*** THE DATA ***
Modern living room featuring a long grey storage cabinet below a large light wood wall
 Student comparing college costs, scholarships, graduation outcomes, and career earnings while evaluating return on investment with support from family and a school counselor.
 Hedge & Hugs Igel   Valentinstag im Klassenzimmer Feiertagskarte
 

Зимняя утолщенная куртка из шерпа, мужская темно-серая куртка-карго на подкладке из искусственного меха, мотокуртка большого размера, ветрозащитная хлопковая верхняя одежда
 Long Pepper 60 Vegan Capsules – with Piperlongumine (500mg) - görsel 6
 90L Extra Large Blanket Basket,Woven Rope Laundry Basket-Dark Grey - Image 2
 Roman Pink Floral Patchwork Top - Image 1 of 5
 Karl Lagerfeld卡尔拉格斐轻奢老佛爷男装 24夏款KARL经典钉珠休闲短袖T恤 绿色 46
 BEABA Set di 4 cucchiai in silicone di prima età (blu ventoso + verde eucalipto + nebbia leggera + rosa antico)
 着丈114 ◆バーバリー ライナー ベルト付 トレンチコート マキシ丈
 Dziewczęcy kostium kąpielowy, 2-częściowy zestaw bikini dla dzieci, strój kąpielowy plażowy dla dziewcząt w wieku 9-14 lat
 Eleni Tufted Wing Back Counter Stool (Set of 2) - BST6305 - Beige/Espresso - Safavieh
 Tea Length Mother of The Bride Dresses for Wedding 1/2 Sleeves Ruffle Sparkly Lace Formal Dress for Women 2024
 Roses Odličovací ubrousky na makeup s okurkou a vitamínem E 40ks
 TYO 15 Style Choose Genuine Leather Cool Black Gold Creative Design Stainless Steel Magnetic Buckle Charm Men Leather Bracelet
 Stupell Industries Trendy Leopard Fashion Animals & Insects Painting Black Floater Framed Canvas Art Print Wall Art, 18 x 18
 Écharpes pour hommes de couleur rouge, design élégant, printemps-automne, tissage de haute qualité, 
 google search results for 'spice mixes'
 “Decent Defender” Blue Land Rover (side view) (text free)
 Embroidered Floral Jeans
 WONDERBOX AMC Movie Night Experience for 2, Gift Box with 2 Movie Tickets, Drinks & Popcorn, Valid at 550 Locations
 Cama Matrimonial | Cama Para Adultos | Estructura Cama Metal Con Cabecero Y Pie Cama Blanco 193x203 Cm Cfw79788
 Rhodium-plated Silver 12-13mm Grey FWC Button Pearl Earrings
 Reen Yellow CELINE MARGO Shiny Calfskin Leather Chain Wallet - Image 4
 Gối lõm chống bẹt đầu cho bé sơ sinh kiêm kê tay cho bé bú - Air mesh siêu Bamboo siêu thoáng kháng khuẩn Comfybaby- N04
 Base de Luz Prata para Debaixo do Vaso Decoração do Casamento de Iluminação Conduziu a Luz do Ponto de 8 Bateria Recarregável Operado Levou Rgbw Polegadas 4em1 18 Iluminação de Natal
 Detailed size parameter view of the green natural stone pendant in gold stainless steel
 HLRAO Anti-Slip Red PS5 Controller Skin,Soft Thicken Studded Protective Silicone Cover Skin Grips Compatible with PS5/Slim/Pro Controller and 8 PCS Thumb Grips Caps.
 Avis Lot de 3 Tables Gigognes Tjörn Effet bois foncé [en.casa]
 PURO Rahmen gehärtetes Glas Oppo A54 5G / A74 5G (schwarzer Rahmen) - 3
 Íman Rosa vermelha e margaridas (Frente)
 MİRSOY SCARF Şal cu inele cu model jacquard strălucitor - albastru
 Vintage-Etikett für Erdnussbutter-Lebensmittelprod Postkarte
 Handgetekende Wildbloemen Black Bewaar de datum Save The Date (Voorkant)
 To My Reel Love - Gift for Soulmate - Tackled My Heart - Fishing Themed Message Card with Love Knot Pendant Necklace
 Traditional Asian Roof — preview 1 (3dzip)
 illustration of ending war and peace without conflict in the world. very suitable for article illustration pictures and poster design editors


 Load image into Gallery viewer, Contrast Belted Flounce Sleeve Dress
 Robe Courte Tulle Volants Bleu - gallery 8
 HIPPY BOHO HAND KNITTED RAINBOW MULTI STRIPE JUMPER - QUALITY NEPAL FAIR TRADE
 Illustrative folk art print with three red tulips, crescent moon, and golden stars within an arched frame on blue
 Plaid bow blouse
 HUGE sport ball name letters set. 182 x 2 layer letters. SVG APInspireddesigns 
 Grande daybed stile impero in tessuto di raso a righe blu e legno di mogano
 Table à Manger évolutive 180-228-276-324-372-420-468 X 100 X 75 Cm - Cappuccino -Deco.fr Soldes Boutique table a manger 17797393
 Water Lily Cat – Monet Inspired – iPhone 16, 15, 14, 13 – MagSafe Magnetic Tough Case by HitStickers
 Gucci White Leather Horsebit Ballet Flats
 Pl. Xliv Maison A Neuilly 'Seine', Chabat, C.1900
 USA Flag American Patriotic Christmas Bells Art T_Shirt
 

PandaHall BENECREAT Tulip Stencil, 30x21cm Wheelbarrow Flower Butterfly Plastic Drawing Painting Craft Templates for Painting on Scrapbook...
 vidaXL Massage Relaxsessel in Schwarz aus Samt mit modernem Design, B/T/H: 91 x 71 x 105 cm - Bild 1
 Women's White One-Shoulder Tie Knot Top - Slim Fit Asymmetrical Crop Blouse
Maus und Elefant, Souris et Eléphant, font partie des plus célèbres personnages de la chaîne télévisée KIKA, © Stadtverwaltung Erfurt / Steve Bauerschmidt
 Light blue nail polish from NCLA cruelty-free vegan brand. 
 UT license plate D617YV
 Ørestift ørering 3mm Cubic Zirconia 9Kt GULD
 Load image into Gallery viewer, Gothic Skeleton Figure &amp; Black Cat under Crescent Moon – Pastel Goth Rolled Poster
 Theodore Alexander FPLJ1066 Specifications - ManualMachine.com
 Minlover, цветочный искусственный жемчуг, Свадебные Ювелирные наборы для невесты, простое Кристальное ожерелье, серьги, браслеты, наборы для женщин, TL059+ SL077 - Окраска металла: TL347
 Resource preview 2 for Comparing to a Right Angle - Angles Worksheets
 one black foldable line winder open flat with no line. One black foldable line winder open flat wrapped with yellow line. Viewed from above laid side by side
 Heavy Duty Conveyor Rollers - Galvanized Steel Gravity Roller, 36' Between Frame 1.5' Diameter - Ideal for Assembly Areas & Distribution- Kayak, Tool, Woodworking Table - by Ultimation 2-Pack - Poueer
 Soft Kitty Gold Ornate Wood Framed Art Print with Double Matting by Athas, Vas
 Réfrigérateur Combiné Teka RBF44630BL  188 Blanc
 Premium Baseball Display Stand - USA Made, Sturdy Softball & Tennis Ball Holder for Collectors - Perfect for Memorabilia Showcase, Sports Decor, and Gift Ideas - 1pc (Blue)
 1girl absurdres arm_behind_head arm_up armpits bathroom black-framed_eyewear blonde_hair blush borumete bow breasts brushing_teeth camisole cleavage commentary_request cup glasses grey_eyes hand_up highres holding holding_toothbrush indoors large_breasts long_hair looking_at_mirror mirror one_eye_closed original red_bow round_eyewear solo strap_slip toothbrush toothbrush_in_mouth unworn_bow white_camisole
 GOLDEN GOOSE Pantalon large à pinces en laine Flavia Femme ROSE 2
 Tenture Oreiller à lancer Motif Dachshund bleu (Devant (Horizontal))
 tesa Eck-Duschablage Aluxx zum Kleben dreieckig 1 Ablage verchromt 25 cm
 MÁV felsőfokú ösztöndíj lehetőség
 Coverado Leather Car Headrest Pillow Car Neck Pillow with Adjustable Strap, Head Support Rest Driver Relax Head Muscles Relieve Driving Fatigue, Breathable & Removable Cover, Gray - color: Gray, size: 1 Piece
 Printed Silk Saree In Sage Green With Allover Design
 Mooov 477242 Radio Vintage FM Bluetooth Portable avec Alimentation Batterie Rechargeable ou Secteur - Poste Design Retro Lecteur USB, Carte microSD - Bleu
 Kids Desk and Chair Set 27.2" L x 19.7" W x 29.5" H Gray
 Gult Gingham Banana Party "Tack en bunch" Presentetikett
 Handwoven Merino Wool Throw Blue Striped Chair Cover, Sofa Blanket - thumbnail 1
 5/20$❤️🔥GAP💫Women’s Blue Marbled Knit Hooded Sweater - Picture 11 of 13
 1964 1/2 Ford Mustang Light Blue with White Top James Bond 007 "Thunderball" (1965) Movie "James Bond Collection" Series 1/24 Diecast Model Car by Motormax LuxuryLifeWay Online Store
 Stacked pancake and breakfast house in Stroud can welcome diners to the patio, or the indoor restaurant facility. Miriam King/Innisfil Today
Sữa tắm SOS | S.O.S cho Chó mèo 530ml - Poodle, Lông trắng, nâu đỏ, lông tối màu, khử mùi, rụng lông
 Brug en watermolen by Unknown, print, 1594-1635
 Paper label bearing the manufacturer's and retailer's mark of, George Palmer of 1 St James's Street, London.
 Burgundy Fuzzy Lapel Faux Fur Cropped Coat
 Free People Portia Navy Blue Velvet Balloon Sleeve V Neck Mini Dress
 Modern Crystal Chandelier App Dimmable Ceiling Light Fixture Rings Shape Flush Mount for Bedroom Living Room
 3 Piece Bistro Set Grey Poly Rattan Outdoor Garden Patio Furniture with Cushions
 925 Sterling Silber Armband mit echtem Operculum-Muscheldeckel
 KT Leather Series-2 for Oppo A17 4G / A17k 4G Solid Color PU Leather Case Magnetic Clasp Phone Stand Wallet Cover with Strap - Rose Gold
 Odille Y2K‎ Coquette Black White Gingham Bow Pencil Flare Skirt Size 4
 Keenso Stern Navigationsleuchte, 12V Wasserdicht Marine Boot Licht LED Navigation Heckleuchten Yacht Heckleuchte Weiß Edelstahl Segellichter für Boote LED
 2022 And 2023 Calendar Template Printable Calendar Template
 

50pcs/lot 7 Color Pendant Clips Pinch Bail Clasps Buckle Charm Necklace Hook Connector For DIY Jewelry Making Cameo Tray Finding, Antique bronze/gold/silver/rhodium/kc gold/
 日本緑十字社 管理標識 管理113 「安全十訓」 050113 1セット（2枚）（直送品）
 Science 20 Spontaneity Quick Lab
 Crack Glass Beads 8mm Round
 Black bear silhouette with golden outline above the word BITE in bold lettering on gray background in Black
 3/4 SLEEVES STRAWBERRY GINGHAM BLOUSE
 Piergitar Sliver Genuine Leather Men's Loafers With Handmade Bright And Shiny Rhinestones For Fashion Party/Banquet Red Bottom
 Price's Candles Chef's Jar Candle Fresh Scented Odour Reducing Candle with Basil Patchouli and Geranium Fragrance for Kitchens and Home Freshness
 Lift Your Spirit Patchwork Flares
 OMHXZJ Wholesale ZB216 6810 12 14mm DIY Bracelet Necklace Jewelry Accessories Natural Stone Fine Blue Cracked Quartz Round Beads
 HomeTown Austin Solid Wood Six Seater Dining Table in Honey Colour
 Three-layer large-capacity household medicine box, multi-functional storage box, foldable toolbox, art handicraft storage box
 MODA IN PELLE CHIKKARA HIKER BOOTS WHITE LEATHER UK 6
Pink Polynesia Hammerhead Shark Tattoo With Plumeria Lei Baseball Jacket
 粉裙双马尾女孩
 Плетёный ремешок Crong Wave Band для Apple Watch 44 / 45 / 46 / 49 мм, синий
*** End of THE DATA ***
» **HOW TO COMPLETE THIS TASK**:
Pull from the data each line where the string "Solid" turns up.

» **WORKED SOLUTION**:
 KT Leather Series-2 for Oppo A17 4G / A17k 4G Solid Color PU Leather Case Magnetic Clasp Phone Stand Wallet Cover with Strap - Rose Gold
 HomeTown Austin Solid Wood Six Seater Dining Table in Honey Colour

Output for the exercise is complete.